I feel like I have made it to some sort of milestone. If Seth were with me, he would have just turned a month old. But he is not with me. And grief unfortunately doesn't really have time lines or milestones. But yet time seems to help. I know the grief isn't as fresh and shocking today as it was the day my Seth went to heaven. The pain is still deep and I don't think it will ever really leave. It is a permanent scar on my heart. No matter how hard I try to make this all only a nightmare....I wake up every day to the reality. And reality is not only painful but continues to be incredibly strange and awkward.
On Tuesday I went to Chapel Hill to order the headstone for Seth's grave. It is something I would never imagined myself doing for one of my children. There weren't many to choose from so I guess it made this sort of decision a little easier. I decided on the teddy bear stone. It is strangely adorable, if a headstone should be described in this way...I don't really know. His precious name Seth Josiah Schamburg will be engraved upon it as well as the date known as his birth and death March 18, 2012. It will also say Our Baby Boy...as he will forever been known in our hearts.
Natalie and I also took some flowers, a dragonfly, and pinwheel to his grave. Natalie has been pretty insistent that we go and decorate his grave. Another strange and awkward. I know all about buying things a baby needs...but knowing what kind of flowers to buy for your baby's grave was not something I was sure of. I appreciate Natalie's insistence. After we decorated Seth's grave and stood back to look I could hear the birds singing. I could hear the water flowing in a nearby waterfall. It was somehow a little bit comforting. Strange and awkward, but comforting nonetheless.

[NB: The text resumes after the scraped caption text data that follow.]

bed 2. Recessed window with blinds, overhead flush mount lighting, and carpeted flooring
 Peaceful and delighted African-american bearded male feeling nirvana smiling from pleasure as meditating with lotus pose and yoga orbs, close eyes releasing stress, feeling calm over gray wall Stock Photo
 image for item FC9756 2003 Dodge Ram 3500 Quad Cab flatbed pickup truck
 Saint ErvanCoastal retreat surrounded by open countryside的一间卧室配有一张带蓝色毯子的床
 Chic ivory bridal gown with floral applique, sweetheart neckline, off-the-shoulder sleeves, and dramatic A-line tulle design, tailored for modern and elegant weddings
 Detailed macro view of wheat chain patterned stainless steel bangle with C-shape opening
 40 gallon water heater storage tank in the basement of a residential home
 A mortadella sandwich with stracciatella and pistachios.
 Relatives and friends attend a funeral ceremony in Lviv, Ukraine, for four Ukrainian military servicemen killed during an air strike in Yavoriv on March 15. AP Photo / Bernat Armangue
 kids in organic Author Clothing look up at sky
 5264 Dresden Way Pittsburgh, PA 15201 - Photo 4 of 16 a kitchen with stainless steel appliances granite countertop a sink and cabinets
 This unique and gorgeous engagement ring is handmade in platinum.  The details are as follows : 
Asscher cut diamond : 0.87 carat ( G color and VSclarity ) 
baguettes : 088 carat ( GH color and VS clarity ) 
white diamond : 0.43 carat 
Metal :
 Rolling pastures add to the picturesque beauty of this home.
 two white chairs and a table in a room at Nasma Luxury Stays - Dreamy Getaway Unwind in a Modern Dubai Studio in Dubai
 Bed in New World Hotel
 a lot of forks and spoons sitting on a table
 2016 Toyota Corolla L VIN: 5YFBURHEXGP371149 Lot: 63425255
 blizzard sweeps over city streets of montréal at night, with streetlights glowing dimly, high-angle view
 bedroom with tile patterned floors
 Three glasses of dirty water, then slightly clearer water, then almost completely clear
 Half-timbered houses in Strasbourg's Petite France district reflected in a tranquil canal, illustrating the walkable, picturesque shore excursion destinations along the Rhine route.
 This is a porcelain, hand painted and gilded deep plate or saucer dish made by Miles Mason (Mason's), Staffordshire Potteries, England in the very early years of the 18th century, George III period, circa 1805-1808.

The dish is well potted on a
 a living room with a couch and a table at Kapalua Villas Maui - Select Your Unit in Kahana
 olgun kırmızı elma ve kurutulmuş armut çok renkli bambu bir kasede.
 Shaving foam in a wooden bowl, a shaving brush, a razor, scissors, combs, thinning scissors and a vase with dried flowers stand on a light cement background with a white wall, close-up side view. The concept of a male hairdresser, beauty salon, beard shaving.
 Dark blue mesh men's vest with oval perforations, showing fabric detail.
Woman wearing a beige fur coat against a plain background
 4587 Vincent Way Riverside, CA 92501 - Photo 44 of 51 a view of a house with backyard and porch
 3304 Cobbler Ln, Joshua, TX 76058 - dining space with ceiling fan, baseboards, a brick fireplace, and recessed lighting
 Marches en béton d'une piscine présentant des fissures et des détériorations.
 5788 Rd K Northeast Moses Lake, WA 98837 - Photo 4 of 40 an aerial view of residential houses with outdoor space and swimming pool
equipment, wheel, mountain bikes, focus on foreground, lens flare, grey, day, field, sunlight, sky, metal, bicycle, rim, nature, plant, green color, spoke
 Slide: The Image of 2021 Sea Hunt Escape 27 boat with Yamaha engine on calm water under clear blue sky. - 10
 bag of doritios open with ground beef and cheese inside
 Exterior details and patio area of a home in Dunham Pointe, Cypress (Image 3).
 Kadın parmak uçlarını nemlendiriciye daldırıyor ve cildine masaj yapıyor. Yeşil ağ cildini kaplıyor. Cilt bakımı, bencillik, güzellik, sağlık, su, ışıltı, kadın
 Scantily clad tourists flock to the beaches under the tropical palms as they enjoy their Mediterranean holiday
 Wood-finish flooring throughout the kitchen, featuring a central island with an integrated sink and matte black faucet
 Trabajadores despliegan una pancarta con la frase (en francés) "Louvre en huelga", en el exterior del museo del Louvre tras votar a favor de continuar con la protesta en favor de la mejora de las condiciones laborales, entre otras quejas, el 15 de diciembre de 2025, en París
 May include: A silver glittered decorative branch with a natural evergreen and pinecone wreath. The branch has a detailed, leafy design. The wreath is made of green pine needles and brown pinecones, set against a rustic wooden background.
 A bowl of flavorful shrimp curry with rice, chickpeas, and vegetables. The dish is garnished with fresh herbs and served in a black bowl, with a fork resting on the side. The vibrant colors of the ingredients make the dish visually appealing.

I have experienced the loss of loved ones before but I haven't given much thought to their resting place for their earthly shell. I haven't actually visited the graves of loved ones much. And if I have I am not sure what I have thought about or talked about. Yet suddenly, awkwardly I am trying to figure out what I should do when I visit Seth's grave. Do I cry? Do I pray? Do I sit in silence? Do I talk out loud?
See this place is a sacred place to me. It holds within it's dirt my baby boy's precious earthly shell. It is hiding in it's depth a memory box. This white box contains the memories of a baby I once held deep within my womb. A baby who was knit together as my heartbeat in harmony with his. It holds the memories of a little body that once kicked inside my belly. It contains the memories of the hiccups and the times he sucked his thumb.
It also contains the memories that were meant to come but won't. It has in it the dreams I had of holding this baby and watching him grow. It contains the reminder of the little things I will be missing out on like kissing a scraped knee or holding a little hand to cross the street.
So when I visit this place known as "Seth's grave" it gives me a chance to visit this memory box in my mind. There with it's pretty blue flowers, the dragonfly, and a pinwheel that is blowing in the wind, I can come and remember. I can listen to the birds singing. I can hear the trickle of the waterfall. This will be a backdrop as I open this precious memory box in my mind and remember and dream about the memories held inside. It won't be so strange and awkard afterall.
And as I am ready to leave I will pray. I will thank God over and over again for allowing me to be Seth's mommy. I will praise God for His tender mercy. I will ask Him to keep these memories safe for me. And I will ask for His comfort and peace. And I will trust Him. I will have to.